DIRECTIONS → Provide only the number of lines below that contain the word "under".
*** Opening of PROVIDED ENTRIES ***
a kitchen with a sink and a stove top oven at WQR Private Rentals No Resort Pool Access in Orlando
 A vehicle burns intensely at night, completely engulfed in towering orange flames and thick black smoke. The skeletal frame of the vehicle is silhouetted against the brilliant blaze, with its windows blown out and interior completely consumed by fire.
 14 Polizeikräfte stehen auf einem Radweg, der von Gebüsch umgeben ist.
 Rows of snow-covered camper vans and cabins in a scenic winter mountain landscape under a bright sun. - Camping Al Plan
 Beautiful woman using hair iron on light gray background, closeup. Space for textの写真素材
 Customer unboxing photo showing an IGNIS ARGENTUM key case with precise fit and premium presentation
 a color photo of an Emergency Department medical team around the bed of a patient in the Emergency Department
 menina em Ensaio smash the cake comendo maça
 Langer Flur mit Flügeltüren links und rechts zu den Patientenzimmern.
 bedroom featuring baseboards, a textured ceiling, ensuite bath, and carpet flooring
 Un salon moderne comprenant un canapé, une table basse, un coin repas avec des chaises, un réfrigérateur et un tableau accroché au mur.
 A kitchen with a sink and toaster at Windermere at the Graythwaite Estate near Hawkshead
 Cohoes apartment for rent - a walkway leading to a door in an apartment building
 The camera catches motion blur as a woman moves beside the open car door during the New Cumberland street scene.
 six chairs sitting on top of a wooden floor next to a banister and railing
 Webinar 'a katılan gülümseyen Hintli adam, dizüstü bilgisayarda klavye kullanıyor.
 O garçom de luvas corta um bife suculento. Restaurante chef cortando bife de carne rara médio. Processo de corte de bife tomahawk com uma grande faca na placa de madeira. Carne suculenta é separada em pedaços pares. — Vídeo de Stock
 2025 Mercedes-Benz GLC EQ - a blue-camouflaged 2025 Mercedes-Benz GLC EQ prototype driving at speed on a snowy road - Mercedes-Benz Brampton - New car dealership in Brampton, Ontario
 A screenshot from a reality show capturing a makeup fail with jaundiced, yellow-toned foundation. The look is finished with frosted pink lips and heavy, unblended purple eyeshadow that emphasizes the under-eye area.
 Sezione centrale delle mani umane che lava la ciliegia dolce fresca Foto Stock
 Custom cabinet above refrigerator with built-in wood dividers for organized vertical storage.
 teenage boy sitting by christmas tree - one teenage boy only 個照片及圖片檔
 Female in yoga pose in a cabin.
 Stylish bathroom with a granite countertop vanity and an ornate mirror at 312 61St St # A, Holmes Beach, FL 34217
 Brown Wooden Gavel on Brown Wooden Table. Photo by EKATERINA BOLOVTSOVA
*** Close of PROVIDED ENTRIES ***
FINISHED EXERCISE → 2